Natural Gas & Utility Generation
Natural gas prices were lower again on Friday as traders responded to the latest Baker-Hughes report on drilling activity. The report showed an increase of just two rigs, but at 941 active rigs, the pressure has been building for a while. Even though gas prices have been in almost freefall, drilling activity continues to increase. It may be this factor that has been behind the heavy selling in this market by investment banks. They may have had solid advance knowledge that producers would continue to increase the number of active rigs in service. After all the technical damage done last week with the break below $4.00, and last week’s disappointing EIA report, and continuing forecasts for warmer weather, the rig count seems to have been the straw that broke the camel’s back. Prices dropped almost 11 cents per million bpd on Friday.

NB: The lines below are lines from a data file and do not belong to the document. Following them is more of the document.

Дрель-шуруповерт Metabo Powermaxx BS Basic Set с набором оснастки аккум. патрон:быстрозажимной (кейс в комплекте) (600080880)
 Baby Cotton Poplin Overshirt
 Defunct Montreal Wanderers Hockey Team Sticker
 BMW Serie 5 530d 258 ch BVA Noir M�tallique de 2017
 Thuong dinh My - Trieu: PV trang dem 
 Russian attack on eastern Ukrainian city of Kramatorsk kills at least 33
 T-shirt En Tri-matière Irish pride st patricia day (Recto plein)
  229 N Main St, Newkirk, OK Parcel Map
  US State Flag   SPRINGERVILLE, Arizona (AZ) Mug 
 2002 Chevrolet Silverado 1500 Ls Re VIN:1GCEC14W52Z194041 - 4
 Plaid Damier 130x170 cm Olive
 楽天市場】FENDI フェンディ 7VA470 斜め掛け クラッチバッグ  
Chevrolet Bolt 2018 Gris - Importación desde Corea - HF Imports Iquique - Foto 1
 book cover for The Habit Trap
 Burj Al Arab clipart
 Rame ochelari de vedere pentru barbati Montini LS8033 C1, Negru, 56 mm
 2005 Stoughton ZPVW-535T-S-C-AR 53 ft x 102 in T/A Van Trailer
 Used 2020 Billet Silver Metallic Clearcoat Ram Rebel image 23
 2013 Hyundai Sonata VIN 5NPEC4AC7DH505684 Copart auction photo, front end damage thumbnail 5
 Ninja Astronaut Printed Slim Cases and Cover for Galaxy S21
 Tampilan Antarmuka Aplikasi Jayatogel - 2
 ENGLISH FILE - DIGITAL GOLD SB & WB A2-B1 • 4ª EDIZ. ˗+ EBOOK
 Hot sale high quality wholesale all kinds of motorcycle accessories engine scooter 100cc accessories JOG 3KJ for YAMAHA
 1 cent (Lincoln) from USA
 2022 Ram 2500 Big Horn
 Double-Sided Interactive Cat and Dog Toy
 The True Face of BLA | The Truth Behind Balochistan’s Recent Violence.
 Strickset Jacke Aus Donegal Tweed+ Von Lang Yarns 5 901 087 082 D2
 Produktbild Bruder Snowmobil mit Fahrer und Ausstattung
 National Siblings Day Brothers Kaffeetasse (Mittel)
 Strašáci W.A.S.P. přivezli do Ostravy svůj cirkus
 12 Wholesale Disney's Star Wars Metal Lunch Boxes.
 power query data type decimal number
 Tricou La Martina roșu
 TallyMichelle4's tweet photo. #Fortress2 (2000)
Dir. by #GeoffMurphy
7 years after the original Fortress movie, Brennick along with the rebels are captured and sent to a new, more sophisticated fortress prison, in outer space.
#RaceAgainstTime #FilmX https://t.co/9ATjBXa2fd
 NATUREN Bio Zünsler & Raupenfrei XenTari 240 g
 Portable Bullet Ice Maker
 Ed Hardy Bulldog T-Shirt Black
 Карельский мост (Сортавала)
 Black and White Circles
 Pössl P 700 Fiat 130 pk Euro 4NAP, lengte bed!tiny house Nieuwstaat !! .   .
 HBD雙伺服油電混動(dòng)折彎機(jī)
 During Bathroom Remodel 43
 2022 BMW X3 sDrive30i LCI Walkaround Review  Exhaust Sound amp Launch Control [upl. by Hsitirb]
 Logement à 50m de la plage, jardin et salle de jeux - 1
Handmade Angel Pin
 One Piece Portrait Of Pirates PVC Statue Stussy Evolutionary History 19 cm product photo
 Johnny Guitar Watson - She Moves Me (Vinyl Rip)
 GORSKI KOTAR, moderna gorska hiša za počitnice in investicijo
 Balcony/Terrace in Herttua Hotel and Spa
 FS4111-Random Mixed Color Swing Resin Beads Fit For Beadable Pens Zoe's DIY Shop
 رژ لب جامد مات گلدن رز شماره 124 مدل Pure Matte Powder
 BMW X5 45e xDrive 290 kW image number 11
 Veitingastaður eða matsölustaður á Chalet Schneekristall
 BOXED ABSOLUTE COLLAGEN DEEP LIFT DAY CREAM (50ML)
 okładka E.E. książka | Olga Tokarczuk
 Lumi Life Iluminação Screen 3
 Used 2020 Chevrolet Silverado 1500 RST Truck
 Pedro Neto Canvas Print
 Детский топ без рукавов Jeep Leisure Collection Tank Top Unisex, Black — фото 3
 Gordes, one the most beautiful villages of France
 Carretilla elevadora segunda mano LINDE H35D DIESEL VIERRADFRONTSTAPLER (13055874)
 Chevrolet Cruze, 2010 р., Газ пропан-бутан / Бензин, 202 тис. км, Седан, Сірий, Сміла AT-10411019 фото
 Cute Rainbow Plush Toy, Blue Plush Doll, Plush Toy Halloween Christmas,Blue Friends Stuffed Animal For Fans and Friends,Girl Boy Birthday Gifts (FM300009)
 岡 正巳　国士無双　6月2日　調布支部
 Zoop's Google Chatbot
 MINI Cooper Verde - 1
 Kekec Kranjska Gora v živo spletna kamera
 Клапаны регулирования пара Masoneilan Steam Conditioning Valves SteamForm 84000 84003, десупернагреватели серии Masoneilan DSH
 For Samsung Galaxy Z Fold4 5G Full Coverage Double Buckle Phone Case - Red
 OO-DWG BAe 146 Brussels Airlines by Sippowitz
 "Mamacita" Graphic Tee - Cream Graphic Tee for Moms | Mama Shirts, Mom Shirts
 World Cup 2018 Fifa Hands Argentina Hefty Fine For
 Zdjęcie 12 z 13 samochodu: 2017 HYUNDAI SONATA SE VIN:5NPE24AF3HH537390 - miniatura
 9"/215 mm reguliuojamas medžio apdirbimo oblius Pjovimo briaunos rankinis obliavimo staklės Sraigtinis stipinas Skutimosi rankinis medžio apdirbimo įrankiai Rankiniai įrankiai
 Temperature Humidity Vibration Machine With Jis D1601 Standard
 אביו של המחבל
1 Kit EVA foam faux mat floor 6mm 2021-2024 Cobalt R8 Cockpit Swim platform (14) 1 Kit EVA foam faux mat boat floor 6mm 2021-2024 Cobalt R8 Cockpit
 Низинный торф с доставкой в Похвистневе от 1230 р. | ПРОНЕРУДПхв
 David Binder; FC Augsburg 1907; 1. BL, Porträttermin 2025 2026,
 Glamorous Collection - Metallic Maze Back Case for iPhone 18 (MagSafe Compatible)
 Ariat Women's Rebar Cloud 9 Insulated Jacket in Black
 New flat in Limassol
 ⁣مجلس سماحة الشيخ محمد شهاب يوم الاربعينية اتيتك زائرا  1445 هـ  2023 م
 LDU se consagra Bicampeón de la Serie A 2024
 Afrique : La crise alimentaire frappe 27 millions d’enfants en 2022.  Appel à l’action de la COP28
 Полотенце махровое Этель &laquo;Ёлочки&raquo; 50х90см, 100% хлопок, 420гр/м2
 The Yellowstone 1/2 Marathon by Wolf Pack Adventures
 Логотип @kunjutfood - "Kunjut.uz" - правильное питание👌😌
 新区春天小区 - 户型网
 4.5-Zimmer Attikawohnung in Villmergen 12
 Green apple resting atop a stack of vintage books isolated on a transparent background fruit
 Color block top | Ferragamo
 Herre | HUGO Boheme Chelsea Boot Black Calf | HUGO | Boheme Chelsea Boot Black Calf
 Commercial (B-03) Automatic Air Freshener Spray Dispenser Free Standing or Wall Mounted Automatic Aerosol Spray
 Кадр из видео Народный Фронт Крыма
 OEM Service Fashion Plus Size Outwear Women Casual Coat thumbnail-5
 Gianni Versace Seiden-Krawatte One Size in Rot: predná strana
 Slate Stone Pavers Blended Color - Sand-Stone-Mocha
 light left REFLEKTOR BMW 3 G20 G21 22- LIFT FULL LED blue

The latest CFTC Commitments of Traders Report shows a decline of almost 22 cents (for the ‘week’ from Tuesday to Tuesday March 16th to March 23rd) propelled by commission house and fund selling. Swap Dealers were liquidating existing longs and Producers were buying, which is what they have been doing over the last few weeks – despite a net short interest. The funds were not the biggest sellers over the period, breaking at least a three-week run. We had noted that three of the days in the period had crude prices moving in the opposite direction of gas prices, and we had wondered if we would see signs of spread unwinding in this report. We could not find exactly what we had expected, but we did notice that funds were liquidating long crude oil positions heavily, and that they stopped selling natural gas contracts as aggressively as they had over the previous three reports. They were still selling gas, and producers were still buying, and in the latest report commission houses were the biggest, gross, sellers. Swap dealers, which had been buying, seem to have thrown the towel in on this latest decline.